:: Exercise directions ::
With the pictures omitted, repeat exactly the lines below starting with the line that has "Fototapeta premium Zèbres" and going on through the line that has "Картинка три брата животные собаки".

:: Records provided ::

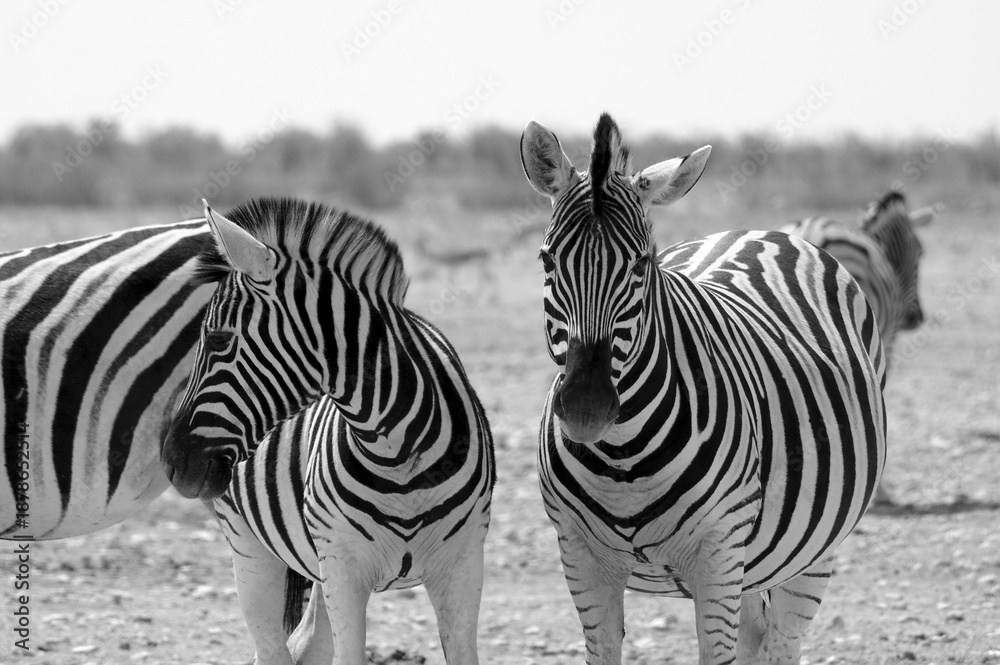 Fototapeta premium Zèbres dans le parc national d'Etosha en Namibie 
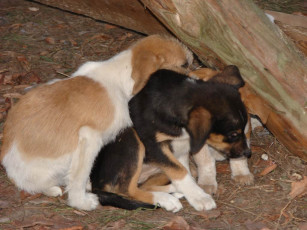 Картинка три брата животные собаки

...

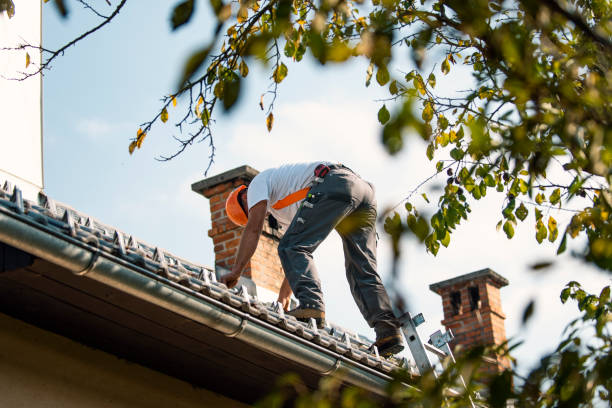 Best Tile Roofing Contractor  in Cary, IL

:: Result for this exercise ::
 Fototapeta premium Zèbres dans le parc national d'Etosha en Namibie 
 Картинка три брата животные собаки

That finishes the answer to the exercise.